Data listing -

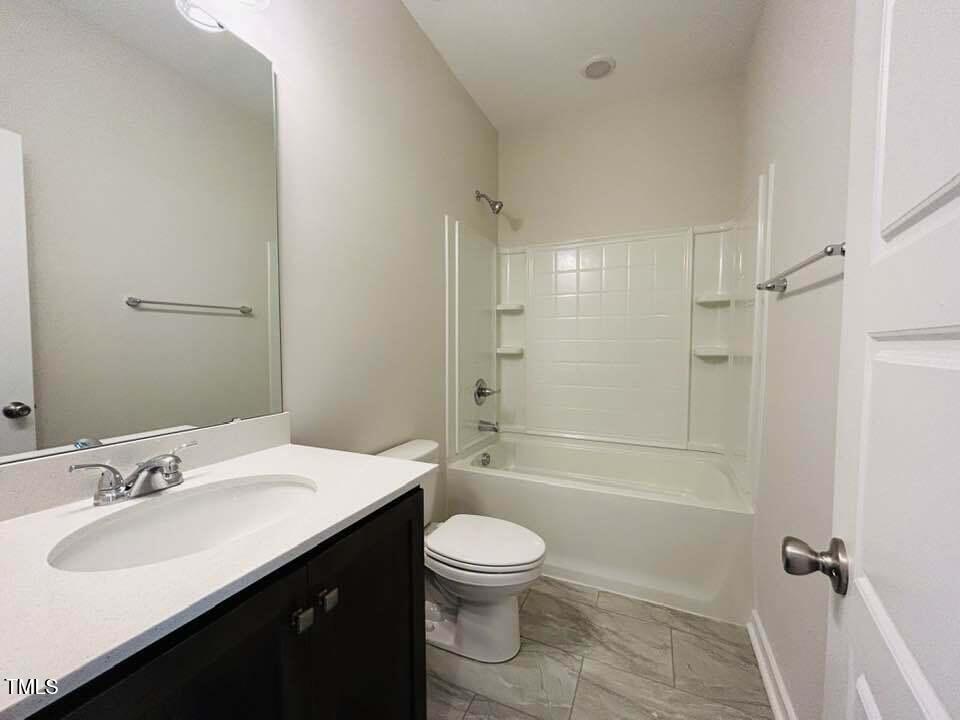 816 Laurel Gate Drive Wake Forest, NC 27587 - Photo 16 of 20 a bathroom with a sink a toilet and shower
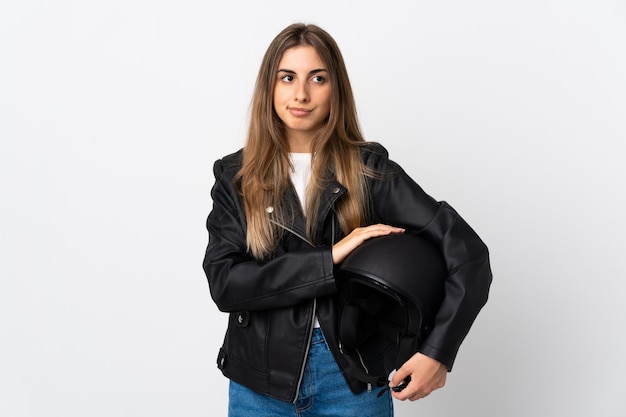 Jovem mulher segurando um capacete de moto sobre branco isolado, pensando uma idéia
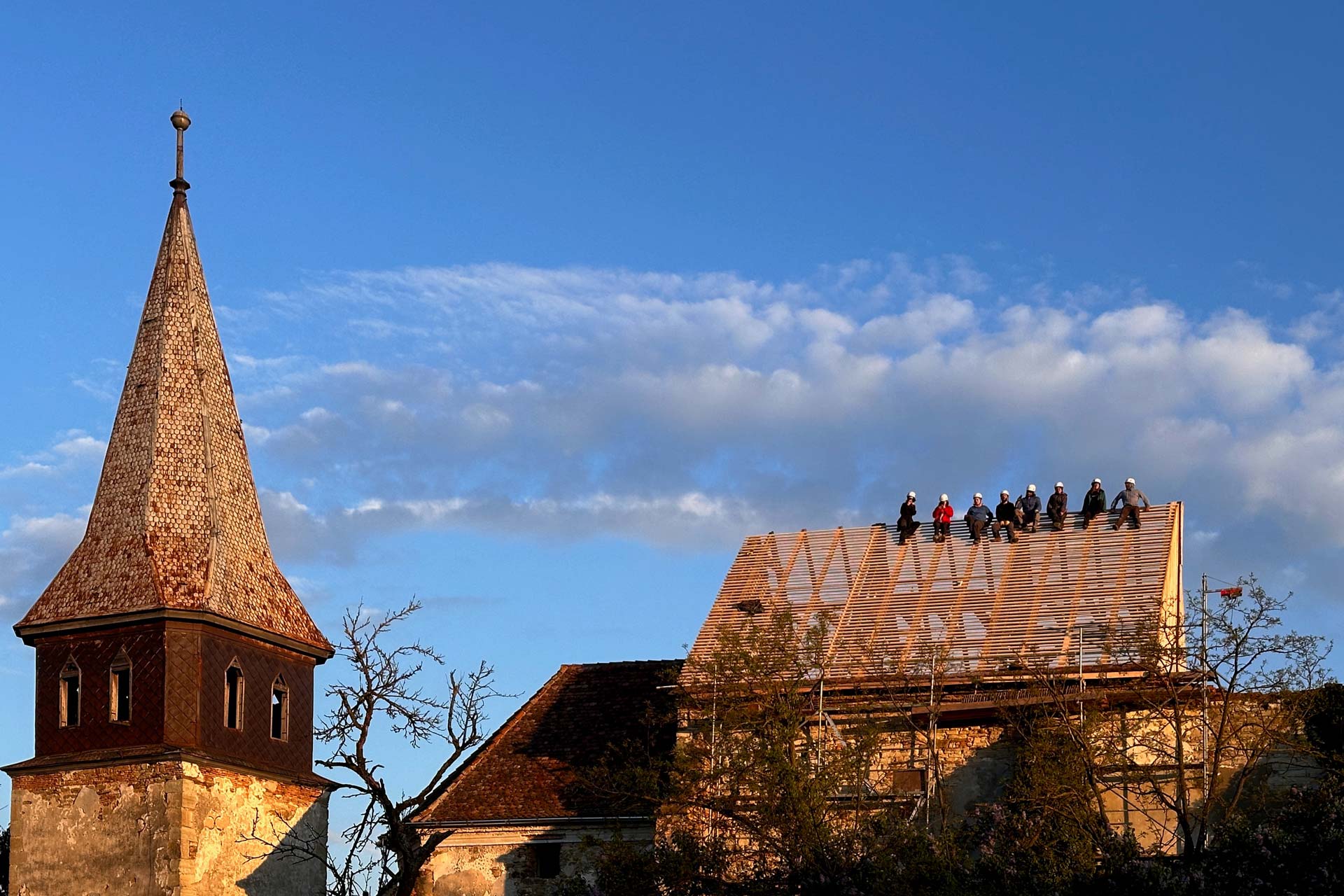 Freiwillige beobachten den Sonnenuntergang auf dem neu restaurierten Dach der Wehrkirche von Vermeș / Ambulance for Monuments
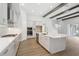 Bright, modern kitchen with large island, stainless appliances, and beautiful wood floors at 5116 Wildwind Dr, Apollo Beach, FL 33572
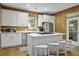 Modern kitchen equipped with white cabinets, stainless steel appliances, and a functional island with seating at 3320 Myrtle St, Edisto Island, SC 29438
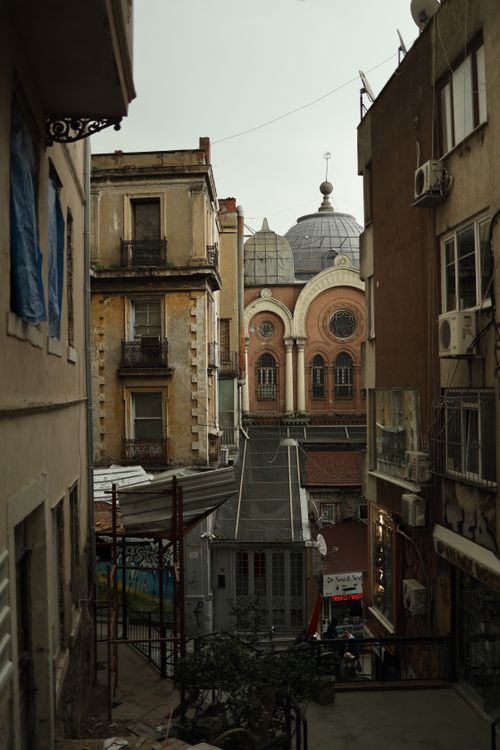 Free Narrow urban street view with aged architecture and a church at dusk, evoking old-world charm. Stock Photo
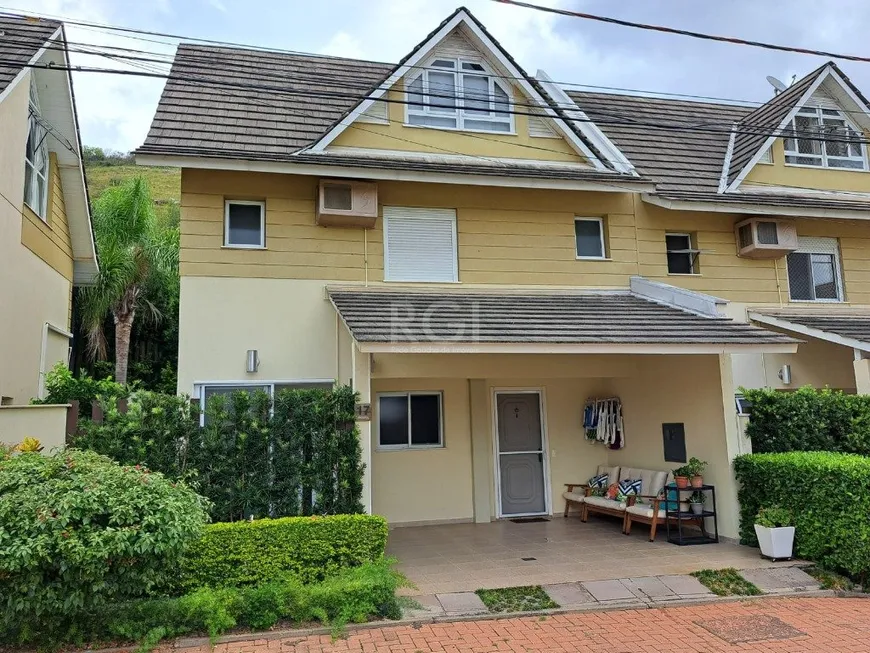 Foto 1 de Casa de Condomínio com 3 Quartos à venda, 223m² em Teresópolis, Porto Alegre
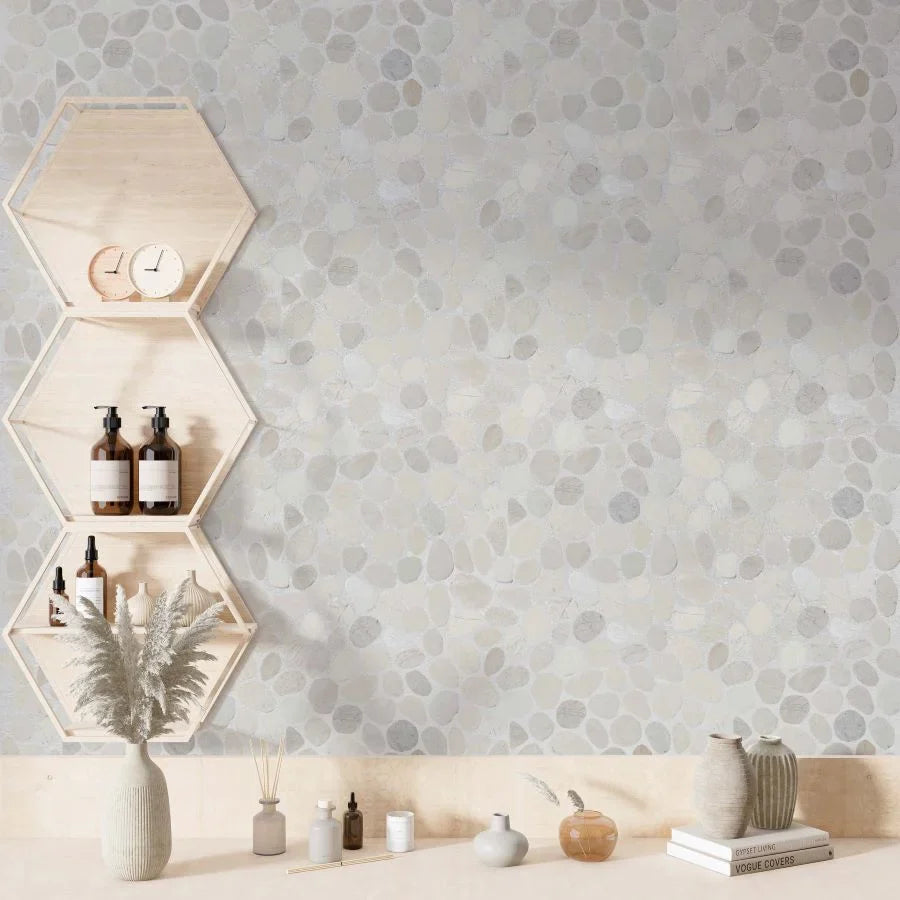 White timor pebble tile bathroom wall surrounded by soft wood accents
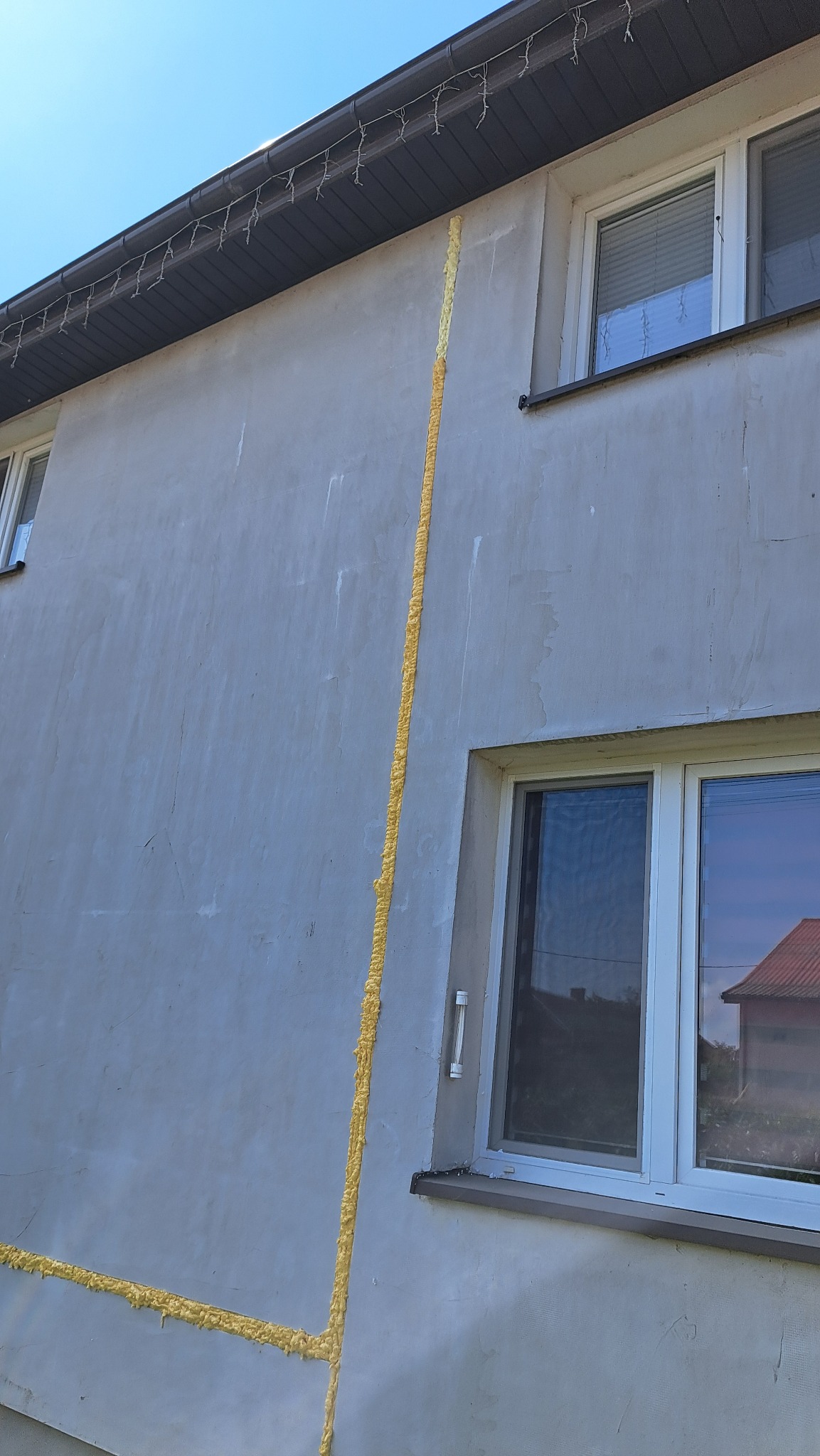 Ocieplanie ściany budynku z użyciem pianki montażowej wokół okien, widoczne ślady po pianie na szarej elewacji, okna z białymi ramami.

What to do -
All lines from the line with "White timor pebble" through the final line of the listing are to be printed exactly, both ends included; the pictures are not.

Solution to the exercise -
 White timor pebble tile bathroom wall surrounded by soft wood accents
 Ocieplanie ściany budynku z użyciem pianki montażowej wokół okien, widoczne ślady po pianie na szarej elewacji, okna z białymi ramami.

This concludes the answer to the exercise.